But platforms too have a responsibility to mitigate the spread of non-English misinformation, Nguyen added, as this phenomenon is no longer unique to the English-speaking population. While Facebook announced it will take measures to stem election misinformation related to the vote count, similar content remains accessible on YouTube and is gaining traction. One researcher told Recode that YouTube doesn’t appear to actively push such content, which is “somewhat hard to find,” but it’s possible the platform’s moderation focus is less strict surrounding foreign-language misinformation on US elections.
Viet Fact Check, a volunteer-run group, has tried to register as an independent fact-checker on Facebook, but faced obstacles to verification. “I’m comfortable saying we are the No. 1 neutral-to-progressive fact-checking Vietnamese source in the US,” Nguyen said. “And while Facebook has tried to mobilize third-party groups to fact-check, we’re not technically a media organization. We’re all volunteers.”

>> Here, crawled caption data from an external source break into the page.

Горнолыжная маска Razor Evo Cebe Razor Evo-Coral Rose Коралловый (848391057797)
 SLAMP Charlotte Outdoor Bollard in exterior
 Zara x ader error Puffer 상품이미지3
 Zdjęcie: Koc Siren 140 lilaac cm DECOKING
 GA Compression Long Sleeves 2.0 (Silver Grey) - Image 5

This grassroots work isn’t sufficient, nor is it sustainable. Organizers say Democrats need to commit to outreach and budget in translation services to reach these historically overlooked communities. “The Democratic Party needs to recognize that there are certain political sensitivities within the Asian American umbrella,” said Wang of Taiwanese Americans for Progress. “For Taiwanese Americans, it’s crucial that candidates express their backing for Taiwan. … Since Trump has been so vocal about China, many believe that he will take action to support Taiwan.”
It’s also a matter of trust. About half of AAPI voters in the 2020 Asian American Voter Survey have not been contacted by a major party, a huge missed opportunity, according to Shao, the researcher from AAPI Data. Pockets of Asian American voters live in battleground states and can be a deciding factor in congressional or state legislature races.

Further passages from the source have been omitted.